• **Your instructions**:
Once the line holding "Hyundai Grandeur 2021" is found in the entries below, transcribe exactly every line up to and including the one holding "2018 TOYOTA C-HR 2018 TOYOTA C-HR", but leave out the pictures.

• **Provided data**:
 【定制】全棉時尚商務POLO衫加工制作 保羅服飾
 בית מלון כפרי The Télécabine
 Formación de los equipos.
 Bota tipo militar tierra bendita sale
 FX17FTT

* * *

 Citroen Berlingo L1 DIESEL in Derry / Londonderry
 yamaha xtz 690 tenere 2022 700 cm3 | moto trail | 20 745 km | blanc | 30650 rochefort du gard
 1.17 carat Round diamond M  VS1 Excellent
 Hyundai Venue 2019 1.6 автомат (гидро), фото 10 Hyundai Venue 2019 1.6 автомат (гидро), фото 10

==

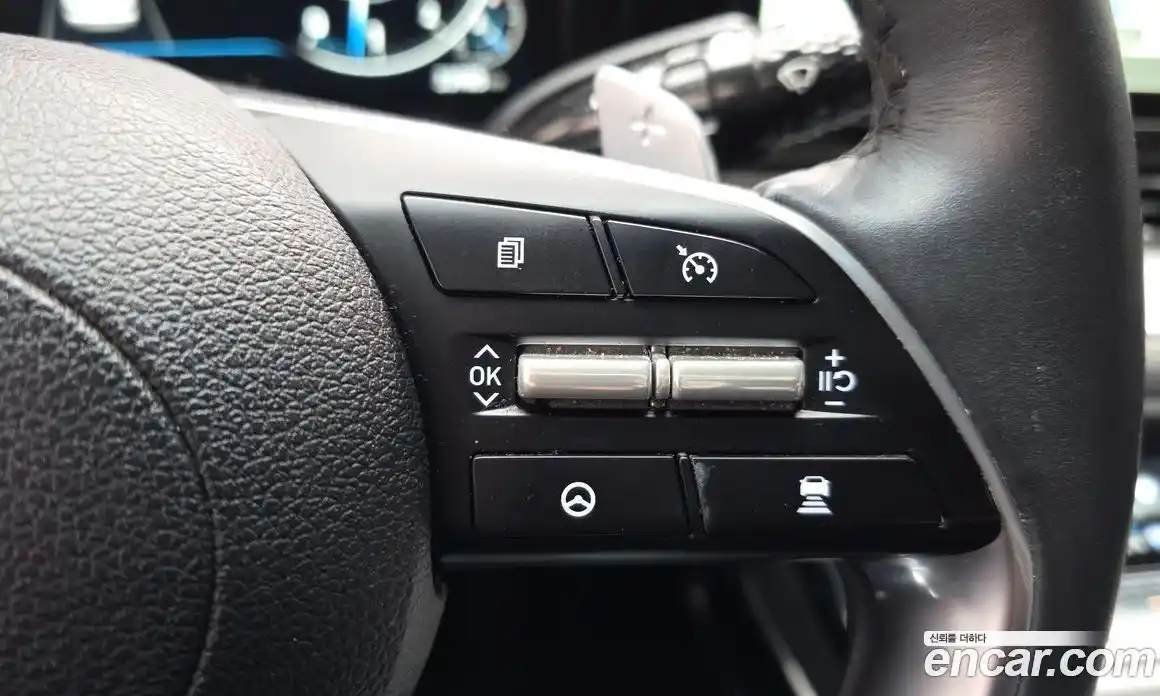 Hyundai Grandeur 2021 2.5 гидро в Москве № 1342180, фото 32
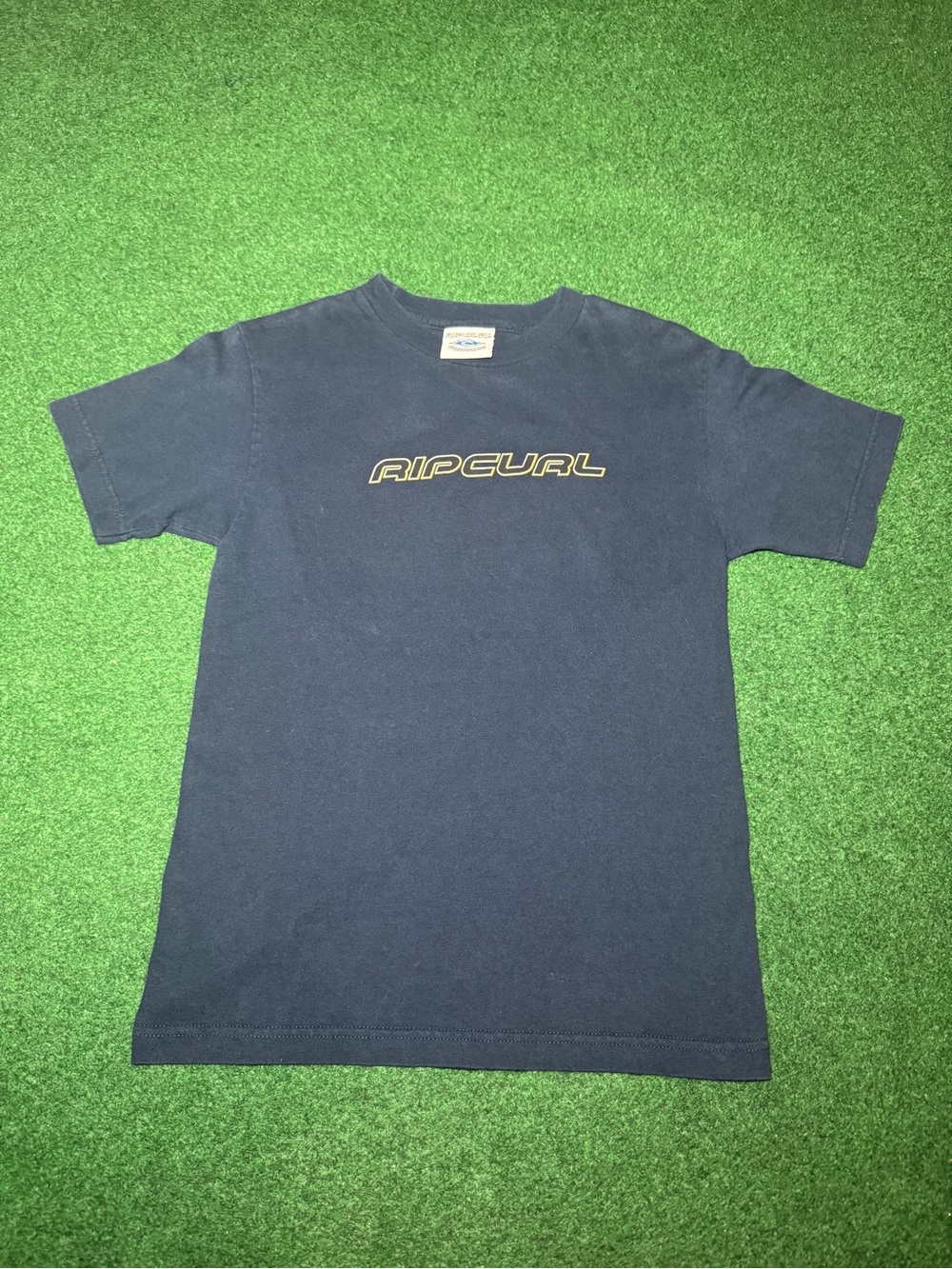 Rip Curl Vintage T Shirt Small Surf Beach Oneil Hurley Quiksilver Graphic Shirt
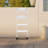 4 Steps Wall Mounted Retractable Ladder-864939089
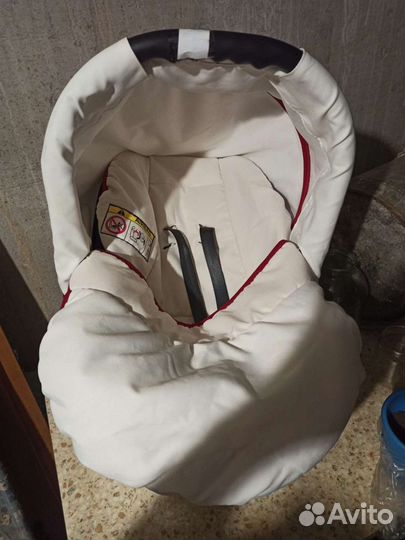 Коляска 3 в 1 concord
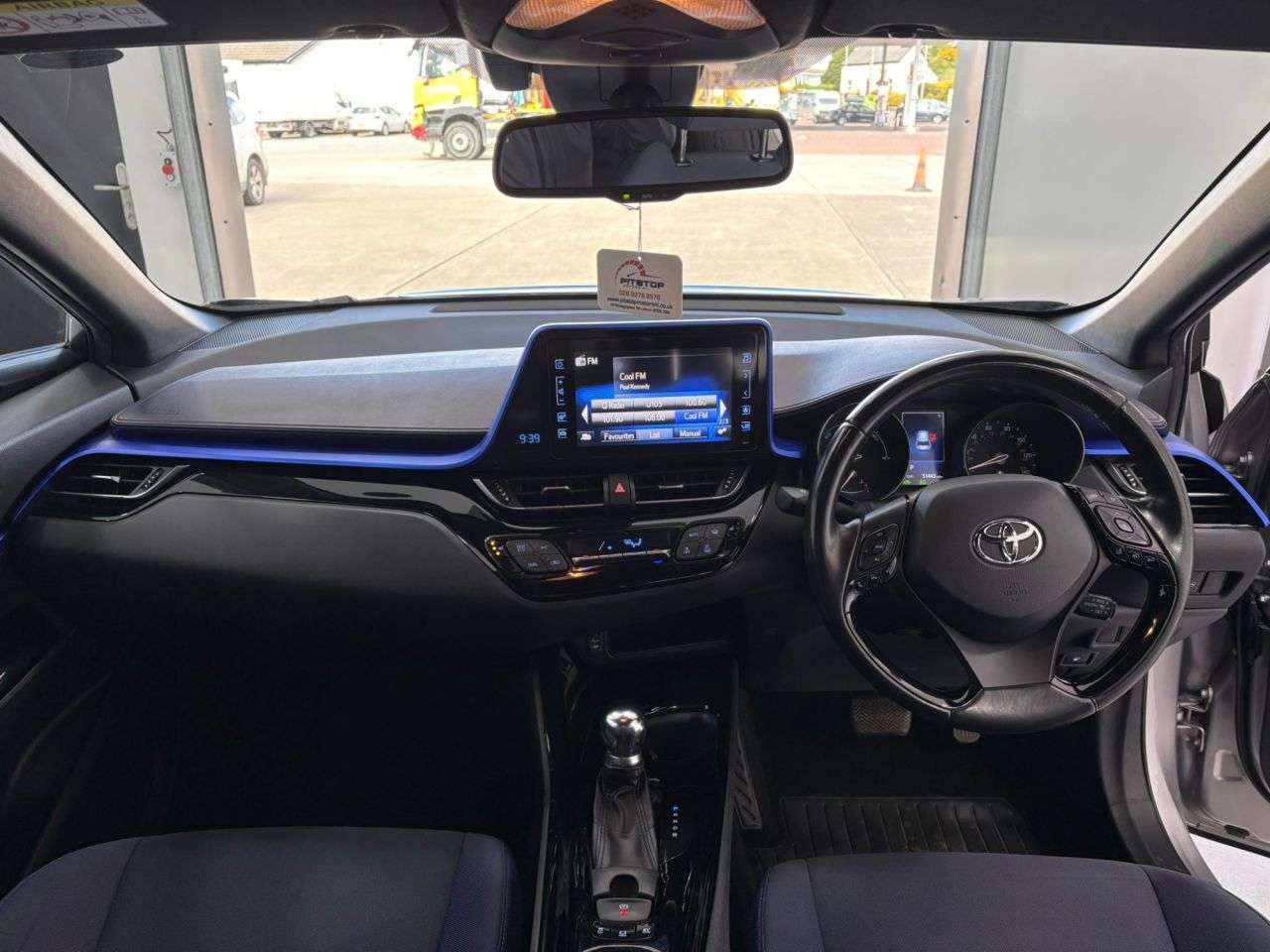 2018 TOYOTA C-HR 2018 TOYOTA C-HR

• **Output**:
 Hyundai Grandeur 2021 2.5 гидро в Москве № 1342180, фото 32
 Rip Curl Vintage T Shirt Small Surf Beach Oneil Hurley Quiksilver Graphic Shirt
 4 Steps Wall Mounted Retractable Ladder-864939089
 Коляска 3 в 1 concord
 2018 TOYOTA C-HR 2018 TOYOTA C-HR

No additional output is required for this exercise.